Why Eating To Much Sugar Is Bad For Health And How To Avoid In Your Daily Life

you already know that eating too much sugar isn’t good for you. Yet you’re probably still overdoing it, sugary drinks, candy, baked goods, and sweetened dairy are the main sources of added sugar. But even savory foods, like breads, tomato sauce, and protein bars, can have sugar, making it all too easy to end up with a surplus of the sweet stuff. To complicate it further, added sugars can be hard to spot on nutrition labels since they can be listed under a number of names, such as corn syrup, agave nectar, palm sugar, cane juice, or sucrose.

No matter what it’s called, sugar is sugar, and it can negatively affect your body in many ways. Here’s a closer look at how sugar can mess with your health, from head to toe.


When you eat excess sugar, the extra insulin in your bloodstream can affect your arteries, part of your body’s circulatory system. It causes their walls to grow faster than normal and get tense, which adds stress to your heart and damages it over time. This can lead to heart disease, heart attacks, and strokes. Research also suggests that eating less sugar can help lower blood pressure, a major risk factor for heart disease. Plus, people who eat a lot of added sugar (where at least 25% of their calories comes from added sugar) are twice as likely to die of heart disease as those whose diets include less than 10% of total calories from added sugar.


1. Sugar causes blood glucose to spike and plummet.

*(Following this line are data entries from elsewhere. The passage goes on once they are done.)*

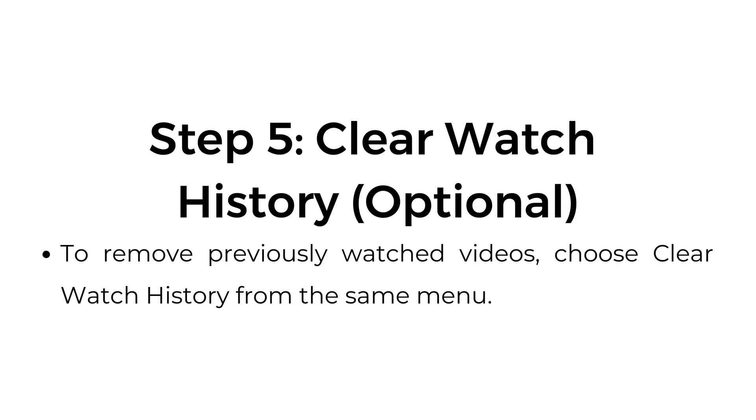Step number five: clear watch history — optional. To remove previously watched history, choose clear watch history from the same menu.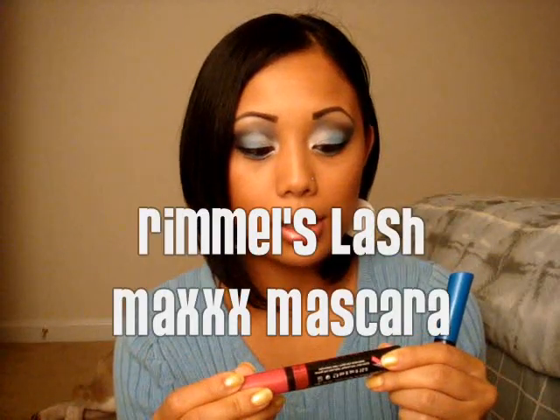Welcome back to Makeup by Mama G. This is going to be a review video of a couple mascaras that I got in the last couple weeks. First off, I want to start with the Rimmel mascaras I got a couple weeks ago — they look like this.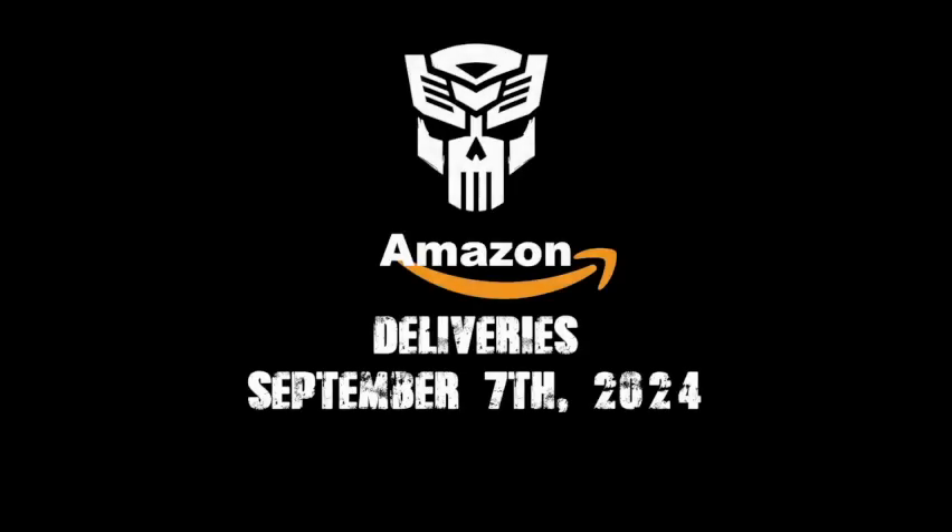Hey everybody, Jeff aka G-Chris here. Welcome to another Amazon Deliveries video for September 7th, 2024.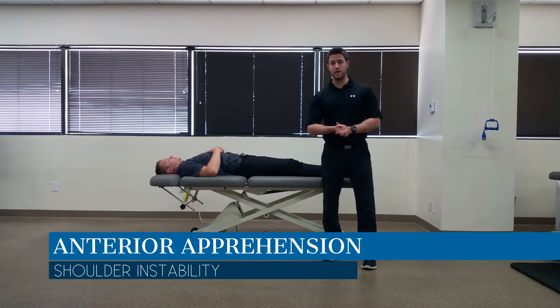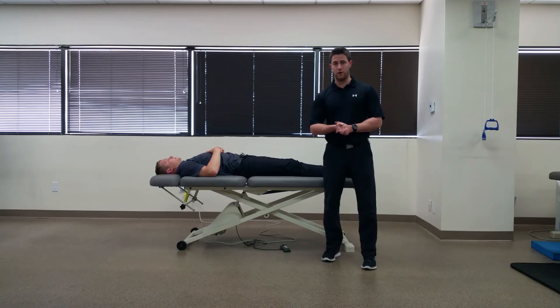Hi, my name is Dr. Brian Schwabe. In today's video we're going to talk about the apprehension test of the shoulder, which is used to assess anterior instability of the glenohumeral joint capsule.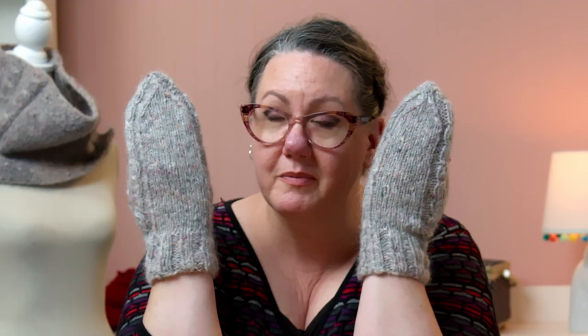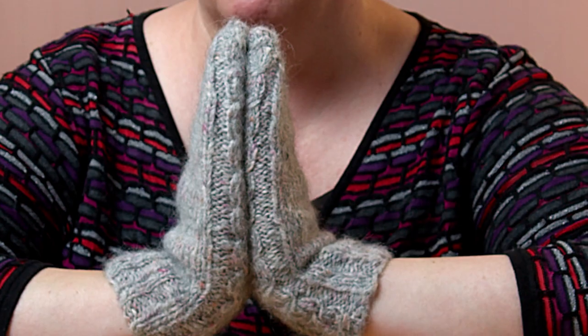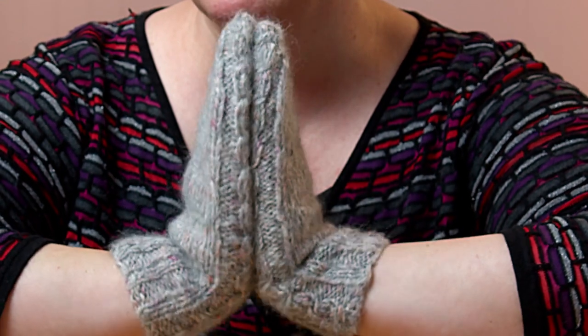Do you want to make fuzzy mittens? You can make fuzzy mittens with me and a matching cowl. We're gonna learn how to make these crossed slipped stitches that you can see on the edges here.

Unstable blood sugar often leads to mood swings, fatigue, headaches and cravings for more sugar. Cravings set the stage for a cycle of addiction in which every new hit of sugar makes you feel better temporarily but, a few hours later, results in more cravings and hunger. On the flip side, those who avoid sugar often report having little or no cravings for sugary things and feeling emotionally balanced and energized.

2. Sugar increases the risk of obesity, diabetes and heart disease.

Large-scale studies have shown that the more high-glycemic foods (those that quickly affect blood sugar), including foods containing sugar, a person consumes, the higher his risk for becoming obese and for developing diabetes and heart disease. Emerging research is also suggesting connections between high-glycemic diets and many different forms of cancer.

3. Sugar interferes with immune function.

Research on human subjects is scant, but animal studies have shown that sugar suppresses immune response5. More research is needed to understand the exact mechanisms; however, we do know that bacteria and yeast feed on sugar and that, when these organisms get out of balance in the body, infections and illness are more likely.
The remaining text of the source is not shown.